As if leaving a half-trillion dollar budget deficit for the next administration wasn’t enough.
This morning, President Bush signed into law a $300-billion bailout for Fannie Mae and Freddie Mac. He had threatened to veto the bill because it included $3.9 billion for local communities to purchase and maintain foreclosed homes. But he signed it anyway.
Now, you may well ask, “What choice did he have?” And that’s a good question. It’s certainly true that Fannie Mae and Freddie Mac cannot be allowed to fail. Far too many Americans have home mortgages in which one of these two government-sponsored corporations have financial stakes. And something like one in five hundred homes in America is in foreclosure.

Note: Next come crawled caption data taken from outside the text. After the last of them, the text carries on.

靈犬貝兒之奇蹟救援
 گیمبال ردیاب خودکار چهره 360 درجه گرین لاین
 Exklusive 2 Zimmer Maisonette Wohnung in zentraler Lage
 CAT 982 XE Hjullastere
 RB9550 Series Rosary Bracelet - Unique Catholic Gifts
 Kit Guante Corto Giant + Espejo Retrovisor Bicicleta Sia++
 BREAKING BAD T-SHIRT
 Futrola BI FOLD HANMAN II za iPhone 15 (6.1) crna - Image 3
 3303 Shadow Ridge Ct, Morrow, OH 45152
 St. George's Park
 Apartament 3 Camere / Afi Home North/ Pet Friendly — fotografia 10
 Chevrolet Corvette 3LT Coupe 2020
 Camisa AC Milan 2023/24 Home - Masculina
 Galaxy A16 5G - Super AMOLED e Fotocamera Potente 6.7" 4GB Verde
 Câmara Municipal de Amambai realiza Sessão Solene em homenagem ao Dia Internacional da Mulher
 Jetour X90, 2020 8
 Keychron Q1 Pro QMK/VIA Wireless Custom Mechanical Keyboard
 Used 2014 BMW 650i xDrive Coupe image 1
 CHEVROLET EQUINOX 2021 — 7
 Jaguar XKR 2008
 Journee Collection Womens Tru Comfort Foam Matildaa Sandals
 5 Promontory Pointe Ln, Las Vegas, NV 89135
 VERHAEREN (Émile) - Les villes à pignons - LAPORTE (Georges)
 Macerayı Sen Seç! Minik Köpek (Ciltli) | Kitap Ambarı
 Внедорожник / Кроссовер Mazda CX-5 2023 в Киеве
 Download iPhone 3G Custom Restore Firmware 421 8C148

What’s wrong with the “tough love” angle? Would the foreclosure of .2% of homes going to have that significant an impact? Overall prices would drop, yes, but once the inventory resulting from the foreclosures gets sold off, that will be that. The market correction simply needs to happen, be done with, and then the rest of us have to pick up the pieces and move on. The system has already been shocked. This is closing the barn door after the horses have escaped.
When you have a bandage that needs to come off, you have to rip it off even if it’s been stuck on a bunch of hairs. Yes, it’s going to hurt. But since you know it’s going to hurt, the best thing to do is to rip it all off at once, take all the pain at the same time, and then it’s done. Isn’t that the same situation we face with the housing market correcting itself?